**What is being asked:** Repeat each entry as written and leave the images out of the copy.
*** Exercise material ***
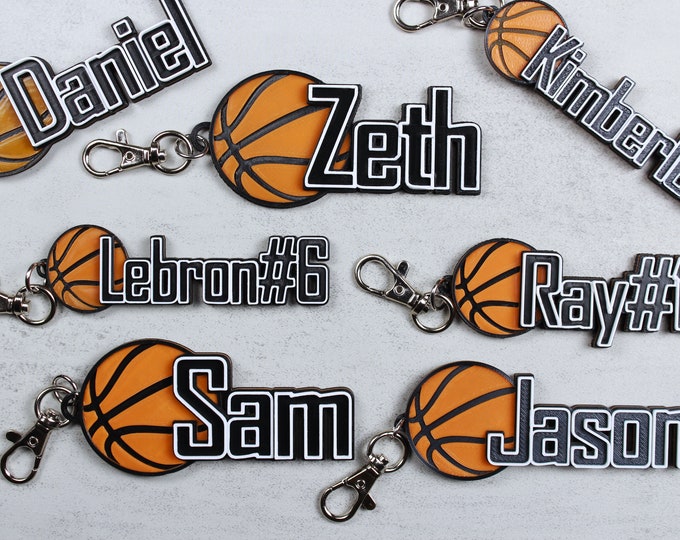 Porte-clés de basket-ball personnalisé. Porte-clés avec plaque nominative de basket-ball. Étiquette nominative pour sac à dos. Cadeau de l'équipe de basket-ball. Cadeau pour entraîneur de basket-ball.
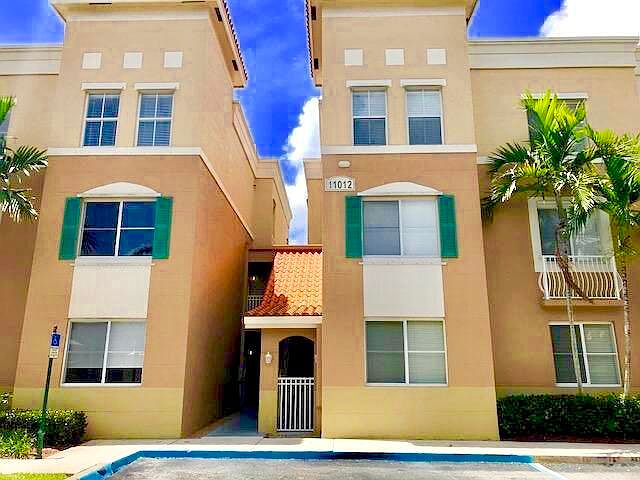 1st image of 11012 Legacy Dr APT 204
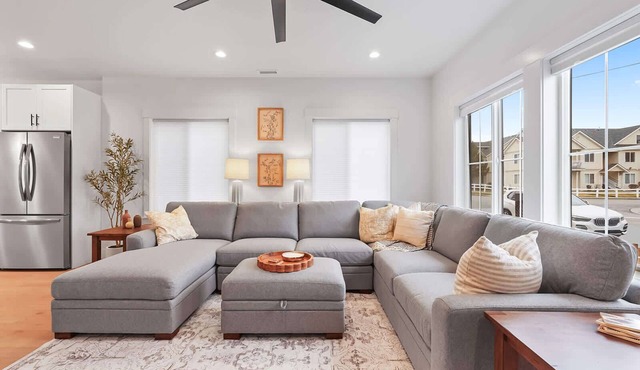 The Townhouse on Highland – Near Greenbelt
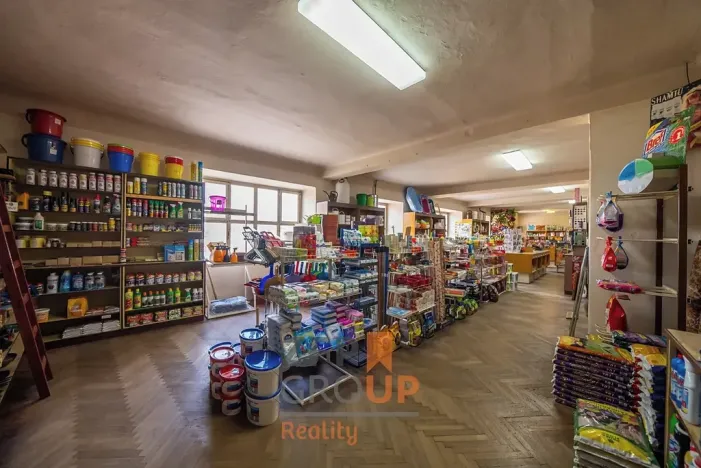 Prodej obchodního prostoru, Šatov, 470 m2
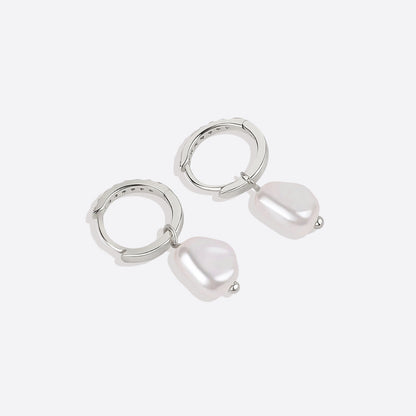 Boucles d'oreilles créoles pavées de perles d'eau douce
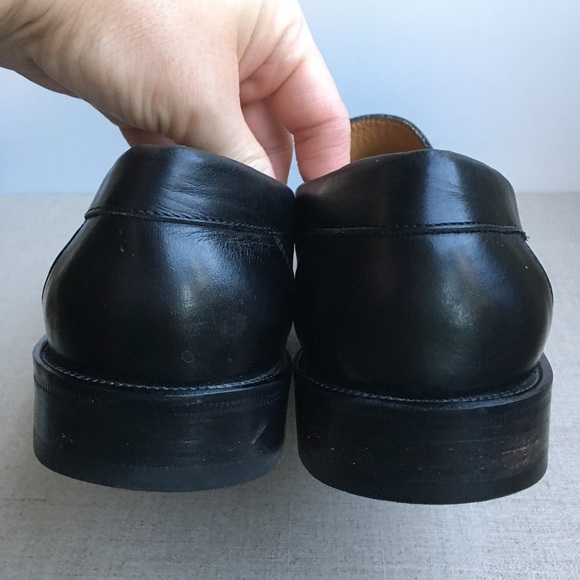 Bruno Magli US 7.5 Black Leather Classic Loafers - Picture 6 of 10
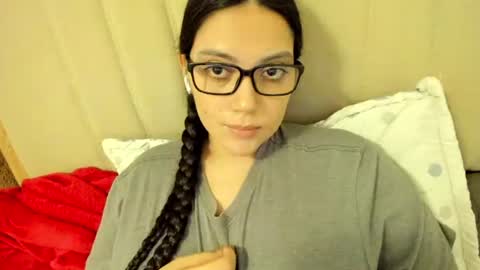 Snapshot of laracamille chatting on May 17, 2026, 11:23 pm lara online show from May 17, 2026, 11:23 pm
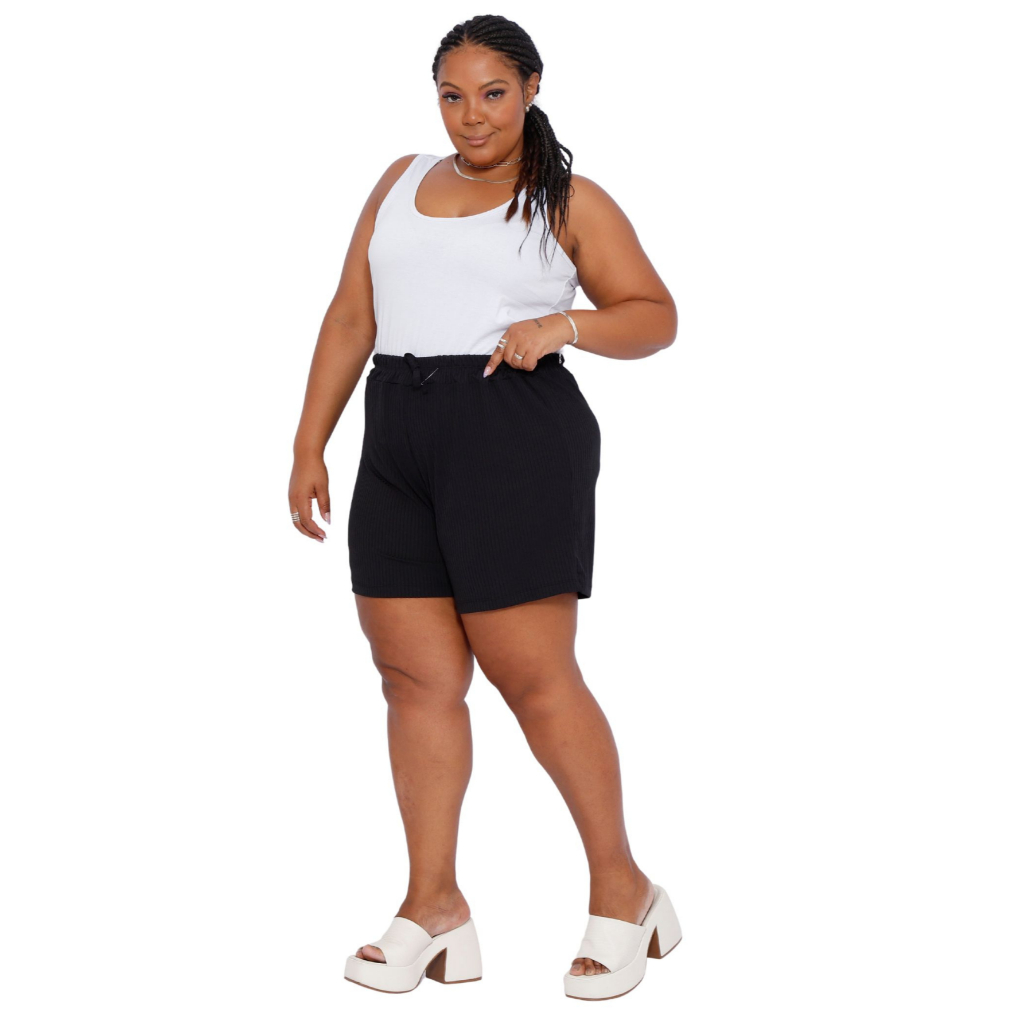 Short Feminino Plus Size Canelado com Elástico na Cintura — imagem 2 de 2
*** End of Exercise material ***
**Exercise solution:**
 Porte-clés de basket-ball personnalisé. Porte-clés avec plaque nominative de basket-ball. Étiquette nominative pour sac à dos. Cadeau de l'équipe de basket-ball. Cadeau pour entraîneur de basket-ball.
 1st image of 11012 Legacy Dr APT 204
 The Townhouse on Highland – Near Greenbelt
 Prodej obchodního prostoru, Šatov, 470 m2
 Boucles d'oreilles créoles pavées de perles d'eau douce
 Bruno Magli US 7.5 Black Leather Classic Loafers - Picture 6 of 10
 Snapshot of laracamille chatting on May 17, 2026, 11:23 pm lara online show from May 17, 2026, 11:23 pm
 Short Feminino Plus Size Canelado com Elástico na Cintura — imagem 2 de 2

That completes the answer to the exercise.